Jeżeli chodzi o kinematografię to Polacy uwielbiają, w kolejności wedle poziomu uwielbienia: filmy Patryka Vegi, komedie romantyczne, dołujące filmy o wojnie i kryminały. I chociaż te ostatnie są już poza podium, tak odnoszę wrażenie, że jeżeli chodzi o potencjał do tworzenia czegokolwiek na eksport, tak właśnie historie spod znaku zbrodni i mordu mają największe szanse na to, żeby zrobić wrażenie i zwyczajnie sprzedać się na rynku międzynarodowym. Do tej pory tworzyliśmy głównie kryminały na własny użytek (chwalony Belfer, Rojst którego recenzowaliśmy w 2018 roku, niedoceniany Prokurator), aczkolwiek dobrą próbą przebicia się jest właśnie W głębi lasu. Twórcy biorą na warsztat twórczość Harlana Cobena, znanego amerykańskiego twórcy kryminałów, podlewając całość zdrową ilością nadwiślańskiego kolorytu i bardzo sprawnie tkają sieć intryg, powiązań i okoliczności, autentycznie wzbudzając zainteresowanie widza.
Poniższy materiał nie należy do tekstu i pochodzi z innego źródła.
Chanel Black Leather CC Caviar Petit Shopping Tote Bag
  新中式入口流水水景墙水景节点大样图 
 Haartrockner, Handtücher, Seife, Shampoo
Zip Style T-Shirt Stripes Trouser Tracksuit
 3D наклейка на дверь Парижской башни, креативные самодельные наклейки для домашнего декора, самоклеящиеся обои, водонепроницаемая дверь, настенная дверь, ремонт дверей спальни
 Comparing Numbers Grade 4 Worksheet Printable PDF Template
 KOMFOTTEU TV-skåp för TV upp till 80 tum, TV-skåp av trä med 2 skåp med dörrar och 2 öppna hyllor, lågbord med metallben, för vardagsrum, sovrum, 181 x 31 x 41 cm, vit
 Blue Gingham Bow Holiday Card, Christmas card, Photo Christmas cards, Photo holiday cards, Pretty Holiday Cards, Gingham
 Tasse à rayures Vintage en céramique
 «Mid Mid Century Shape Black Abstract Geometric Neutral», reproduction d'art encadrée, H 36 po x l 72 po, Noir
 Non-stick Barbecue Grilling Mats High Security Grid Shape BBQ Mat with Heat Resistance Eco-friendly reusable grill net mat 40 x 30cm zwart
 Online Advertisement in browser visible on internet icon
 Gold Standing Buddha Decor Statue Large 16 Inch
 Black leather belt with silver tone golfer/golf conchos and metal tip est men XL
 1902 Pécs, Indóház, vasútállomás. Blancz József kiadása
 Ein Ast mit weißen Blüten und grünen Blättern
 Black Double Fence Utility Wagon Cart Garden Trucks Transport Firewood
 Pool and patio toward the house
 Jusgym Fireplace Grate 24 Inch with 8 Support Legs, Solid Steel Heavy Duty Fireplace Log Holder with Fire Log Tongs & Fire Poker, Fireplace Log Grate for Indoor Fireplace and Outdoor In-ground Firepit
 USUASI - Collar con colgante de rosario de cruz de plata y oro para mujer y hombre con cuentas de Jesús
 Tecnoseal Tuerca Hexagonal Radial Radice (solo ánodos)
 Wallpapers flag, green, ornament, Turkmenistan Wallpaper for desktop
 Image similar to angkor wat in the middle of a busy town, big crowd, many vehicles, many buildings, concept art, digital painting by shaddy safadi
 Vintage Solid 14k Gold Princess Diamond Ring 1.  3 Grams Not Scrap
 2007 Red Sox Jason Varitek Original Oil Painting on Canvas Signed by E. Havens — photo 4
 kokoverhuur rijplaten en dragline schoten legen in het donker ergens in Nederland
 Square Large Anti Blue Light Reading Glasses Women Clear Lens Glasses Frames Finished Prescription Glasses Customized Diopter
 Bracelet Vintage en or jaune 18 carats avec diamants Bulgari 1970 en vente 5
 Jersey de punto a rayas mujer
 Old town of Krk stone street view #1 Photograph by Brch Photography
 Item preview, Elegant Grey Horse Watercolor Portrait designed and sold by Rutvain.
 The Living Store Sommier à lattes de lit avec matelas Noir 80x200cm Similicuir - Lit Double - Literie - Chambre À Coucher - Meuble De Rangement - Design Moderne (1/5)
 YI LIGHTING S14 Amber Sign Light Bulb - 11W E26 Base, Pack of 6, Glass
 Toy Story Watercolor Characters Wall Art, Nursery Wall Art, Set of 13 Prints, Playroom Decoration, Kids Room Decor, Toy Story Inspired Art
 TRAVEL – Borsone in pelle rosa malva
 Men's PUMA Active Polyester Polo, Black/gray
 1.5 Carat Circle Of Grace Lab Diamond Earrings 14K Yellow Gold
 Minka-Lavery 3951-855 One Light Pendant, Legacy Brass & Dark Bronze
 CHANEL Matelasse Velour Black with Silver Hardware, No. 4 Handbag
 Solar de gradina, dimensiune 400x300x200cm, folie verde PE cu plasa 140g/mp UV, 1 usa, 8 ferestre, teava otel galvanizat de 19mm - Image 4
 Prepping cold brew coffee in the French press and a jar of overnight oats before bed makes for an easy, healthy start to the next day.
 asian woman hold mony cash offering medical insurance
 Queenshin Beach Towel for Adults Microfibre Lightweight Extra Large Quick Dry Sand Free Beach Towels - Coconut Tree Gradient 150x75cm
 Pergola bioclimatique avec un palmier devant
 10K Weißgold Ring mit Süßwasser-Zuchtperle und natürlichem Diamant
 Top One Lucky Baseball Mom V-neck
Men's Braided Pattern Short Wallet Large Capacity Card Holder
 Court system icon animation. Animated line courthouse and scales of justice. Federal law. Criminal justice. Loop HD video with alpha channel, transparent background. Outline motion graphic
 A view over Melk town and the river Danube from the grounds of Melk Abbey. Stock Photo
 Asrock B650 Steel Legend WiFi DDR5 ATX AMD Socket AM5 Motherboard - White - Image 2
Historia W głębi lasu przedstawiona jest dwutorowo, na dwóch liniach czasu. W 1994 roku śledzimy grupę nastolatków, którzy biorą udział w obozie letnim. Klimacik jest połączeniem realiów typowo polskich (charakterystyczne domki, las sosnowy, ogólna bida) z naleciałościami amerykańskimi (gra w kosza, ogniska, romansiki na każdym kroku). Szybko okazuje się, że coś złego wydarzyło się podczas tego pobytu, chociaż szczegóły są nam ujawniane na przestrzeni kolejnych odcinków. Natomiast współcześnie, w roku 2019, fabuła skupia się wokół postaci Pawła Kopińskiego - jednego z uczestników rzeczonego obozu, który w przyszłości został prokuratorem. No i jak się możecie spodziewać, przytrafia mu się okazja, żeby rozprawić się z demonami przeszłości.